BEGIN
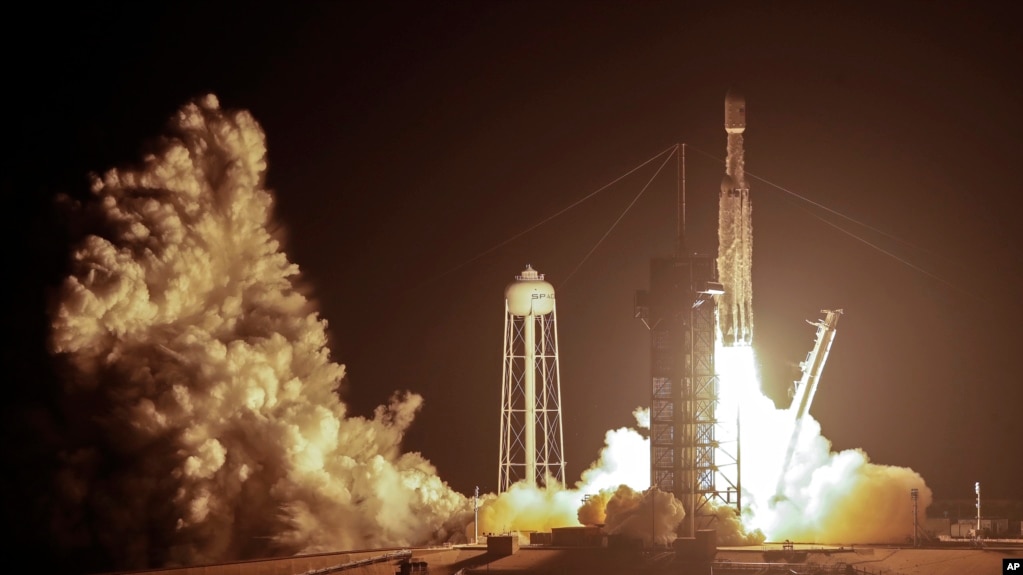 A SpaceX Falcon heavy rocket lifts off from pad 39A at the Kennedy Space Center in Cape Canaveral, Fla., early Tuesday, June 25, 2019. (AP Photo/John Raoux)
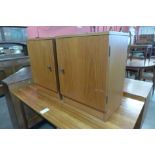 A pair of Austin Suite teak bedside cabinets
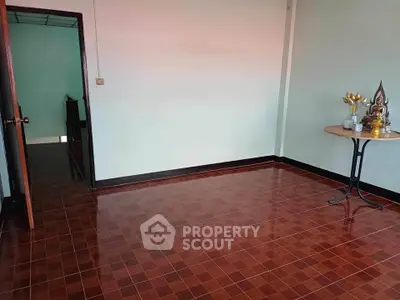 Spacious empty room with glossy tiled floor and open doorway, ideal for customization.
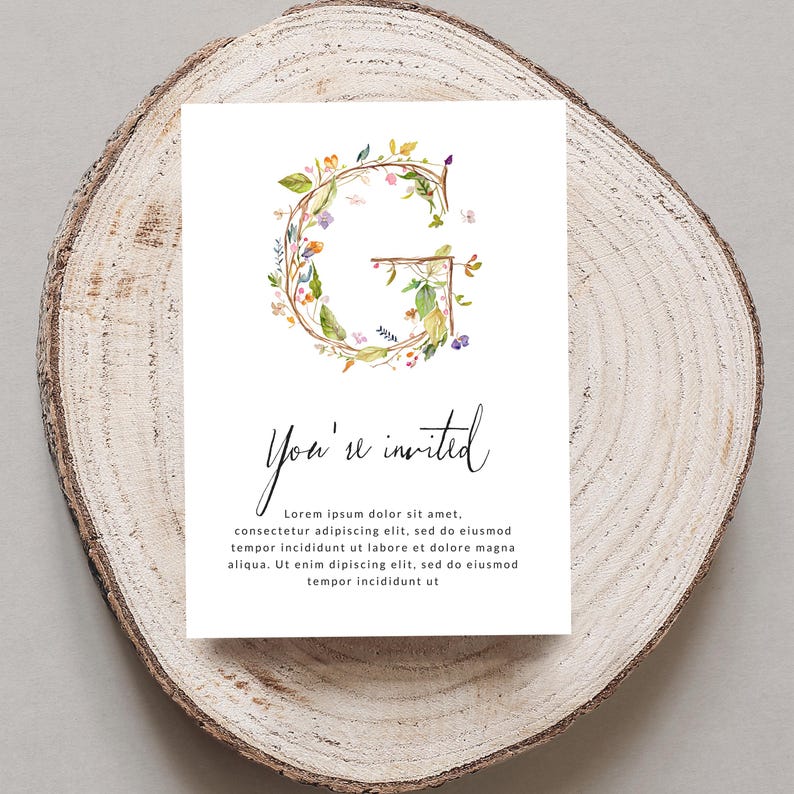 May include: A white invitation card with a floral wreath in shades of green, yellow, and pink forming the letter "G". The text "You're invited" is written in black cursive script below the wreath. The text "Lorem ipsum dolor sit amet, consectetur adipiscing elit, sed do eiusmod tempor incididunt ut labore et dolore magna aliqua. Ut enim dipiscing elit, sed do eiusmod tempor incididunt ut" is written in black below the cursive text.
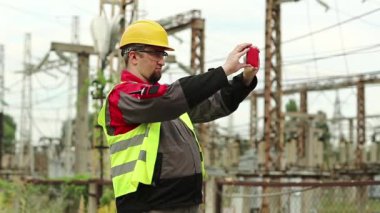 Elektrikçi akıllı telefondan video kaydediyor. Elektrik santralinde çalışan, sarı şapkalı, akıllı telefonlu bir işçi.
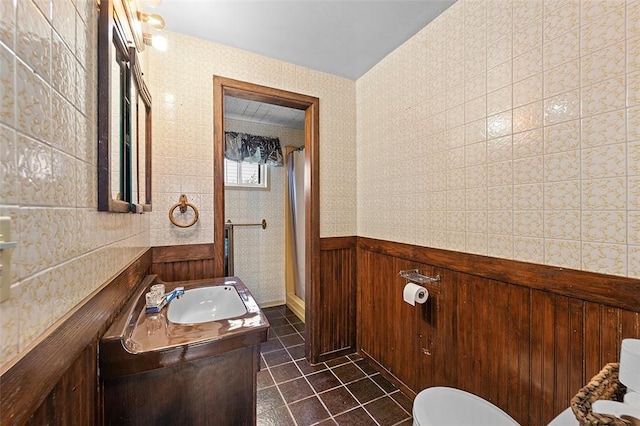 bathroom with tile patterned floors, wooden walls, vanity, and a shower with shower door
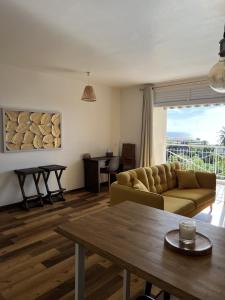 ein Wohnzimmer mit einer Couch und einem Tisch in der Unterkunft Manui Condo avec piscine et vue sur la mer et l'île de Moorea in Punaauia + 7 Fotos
END
BEGIN
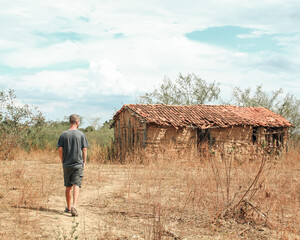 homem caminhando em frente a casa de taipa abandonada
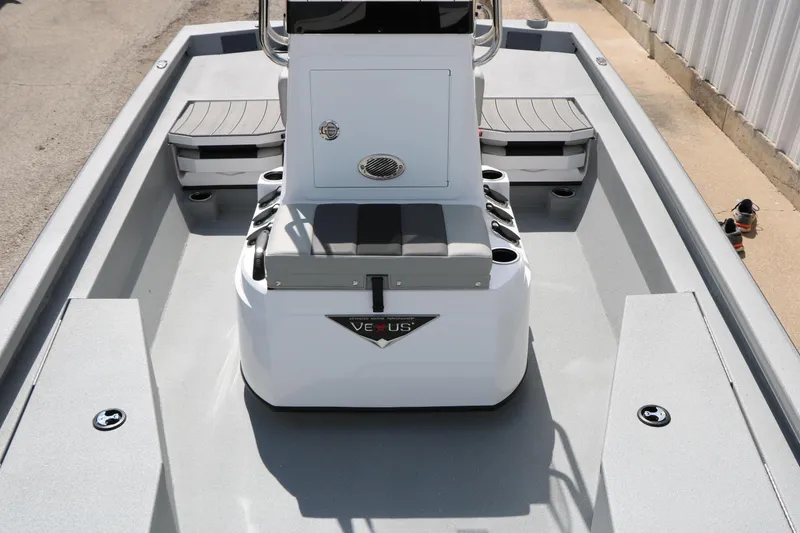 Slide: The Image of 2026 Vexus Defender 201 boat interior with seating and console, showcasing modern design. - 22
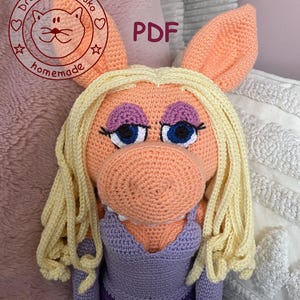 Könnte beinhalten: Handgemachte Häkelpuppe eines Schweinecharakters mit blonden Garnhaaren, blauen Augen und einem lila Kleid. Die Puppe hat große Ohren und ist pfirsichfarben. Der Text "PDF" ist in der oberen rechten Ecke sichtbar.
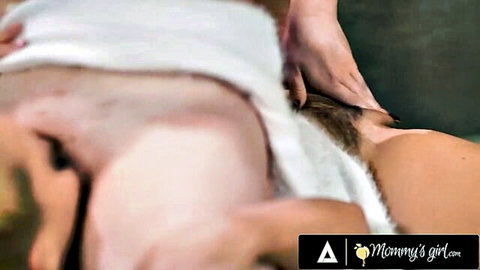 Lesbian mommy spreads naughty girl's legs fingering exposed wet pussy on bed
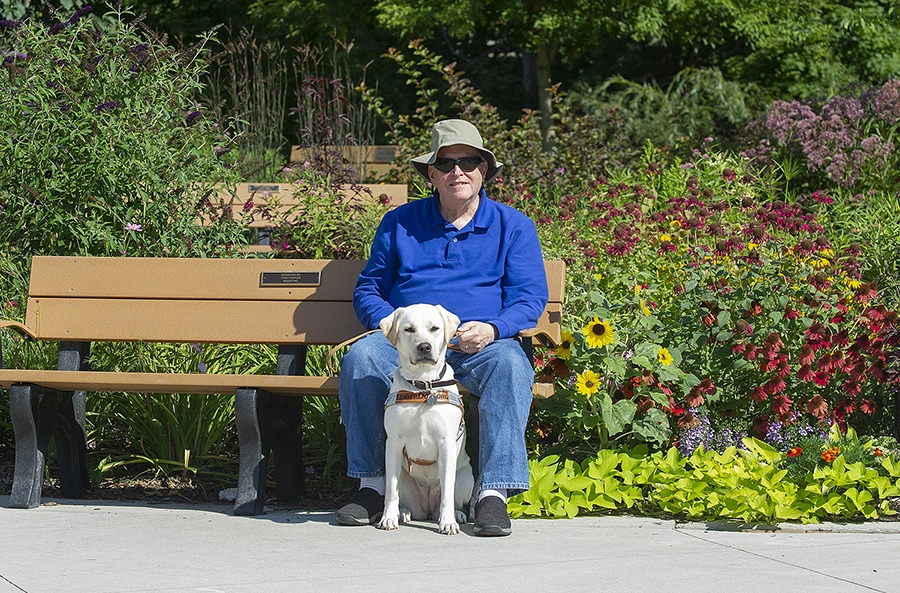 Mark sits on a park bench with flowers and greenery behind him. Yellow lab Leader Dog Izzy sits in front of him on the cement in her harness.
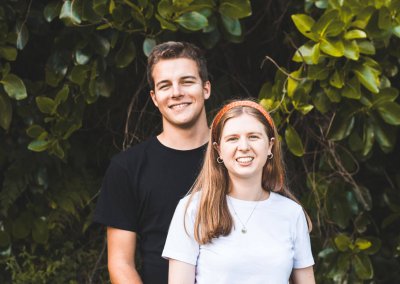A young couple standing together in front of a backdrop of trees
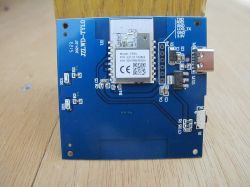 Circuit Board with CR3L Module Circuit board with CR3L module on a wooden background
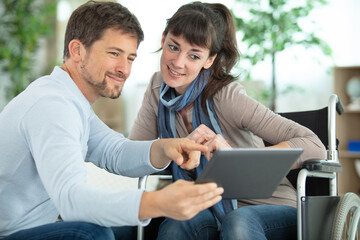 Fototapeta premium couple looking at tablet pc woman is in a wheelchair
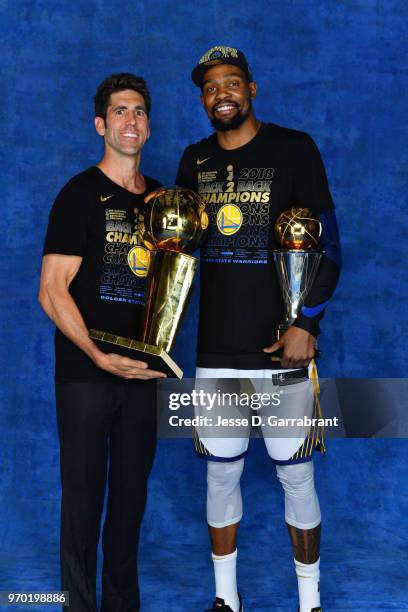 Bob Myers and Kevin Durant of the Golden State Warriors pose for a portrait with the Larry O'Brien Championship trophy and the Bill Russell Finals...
END
BEGIN
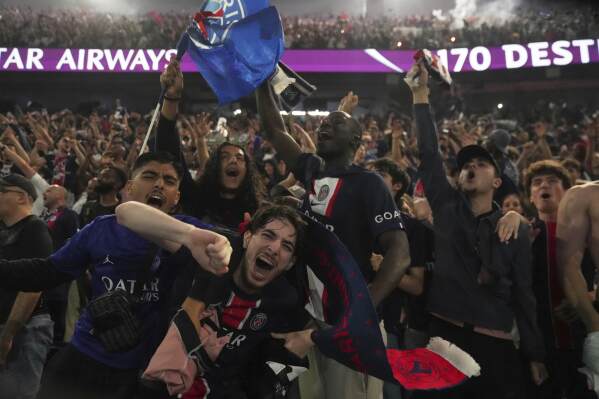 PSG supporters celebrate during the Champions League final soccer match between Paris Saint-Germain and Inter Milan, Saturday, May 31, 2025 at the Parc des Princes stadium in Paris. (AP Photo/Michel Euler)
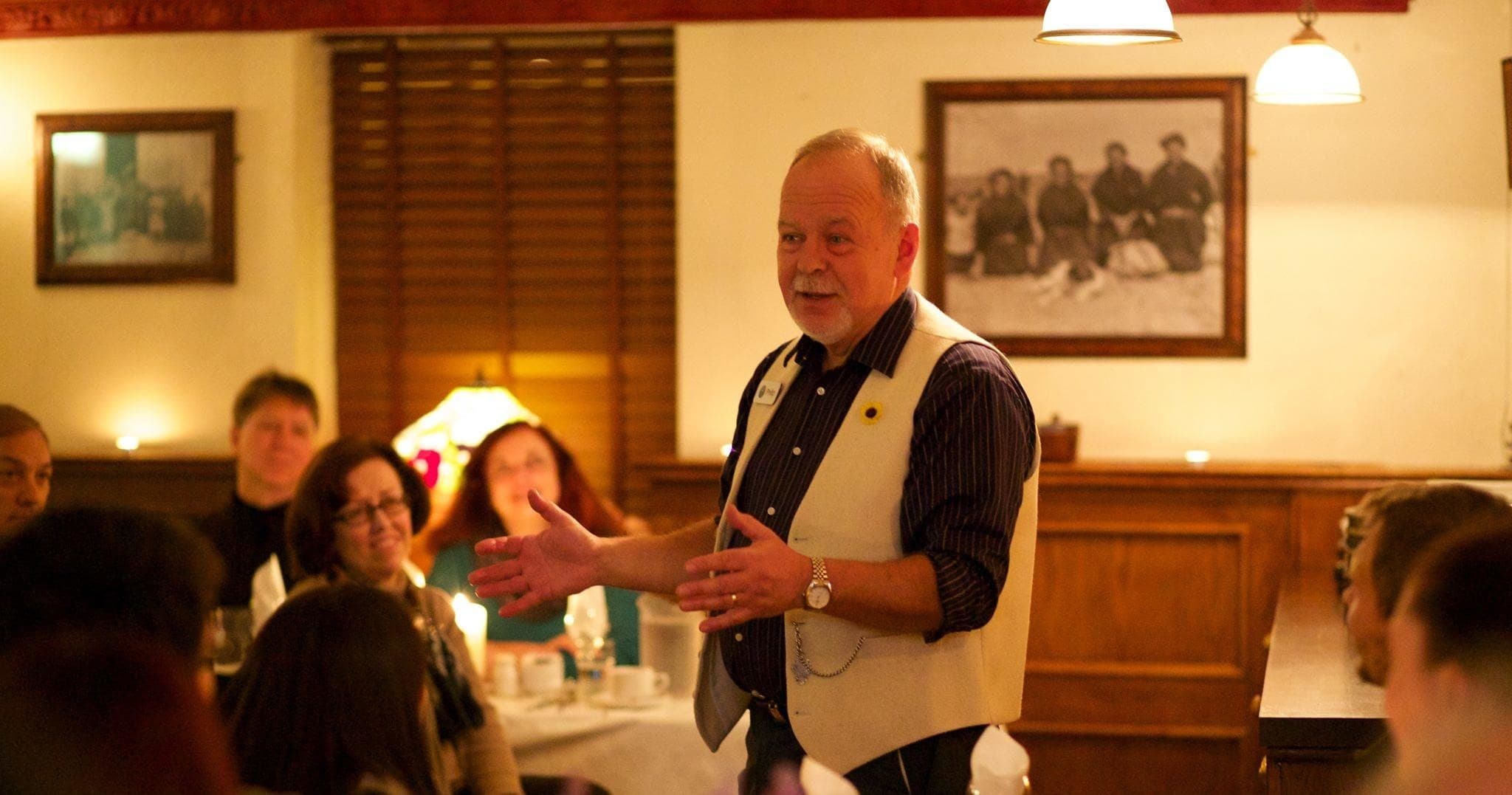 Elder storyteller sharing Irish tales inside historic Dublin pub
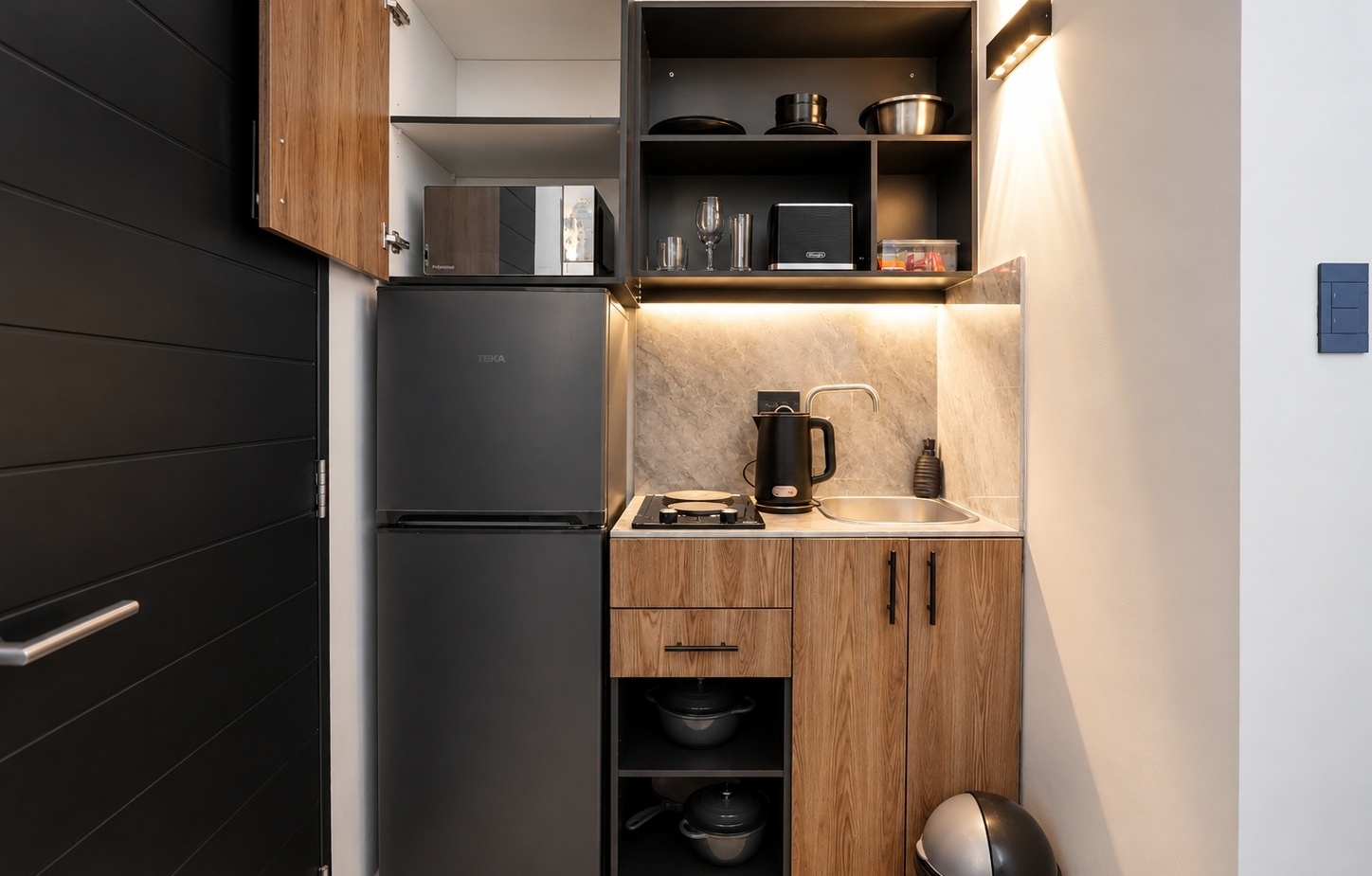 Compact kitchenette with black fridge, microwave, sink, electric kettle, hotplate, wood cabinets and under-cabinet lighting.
END
_What this task involves_
Using the records above, return word for word the lines that begin at the one containing "A SpaceX Falcon" and end at the one containing "ein Wohnzimmer mit", both of them included and no pictures.

_Response to this task_
 A SpaceX Falcon heavy rocket lifts off from pad 39A at the Kennedy Space Center in Cape Canaveral, Fla., early Tuesday, June 25, 2019. (AP Photo/John Raoux)
 A pair of Austin Suite teak bedside cabinets
 Spacious empty room with glossy tiled floor and open doorway, ideal for customization.
 May include: A white invitation card with a floral wreath in shades of green, yellow, and pink forming the letter "G". The text "You're invited" is written in black cursive script below the wreath. The text "Lorem ipsum dolor sit amet, consectetur adipiscing elit, sed do eiusmod tempor incididunt ut labore et dolore magna aliqua. Ut enim dipiscing elit, sed do eiusmod tempor incididunt ut" is written in black below the cursive text.
 Elektrikçi akıllı telefondan video kaydediyor. Elektrik santralinde çalışan, sarı şapkalı, akıllı telefonlu bir işçi.
 bathroom with tile patterned floors, wooden walls, vanity, and a shower with shower door
 ein Wohnzimmer mit einer Couch und einem Tisch in der Unterkunft Manui Condo avec piscine et vue sur la mer et l'île de Moorea in Punaauia + 7 Fotos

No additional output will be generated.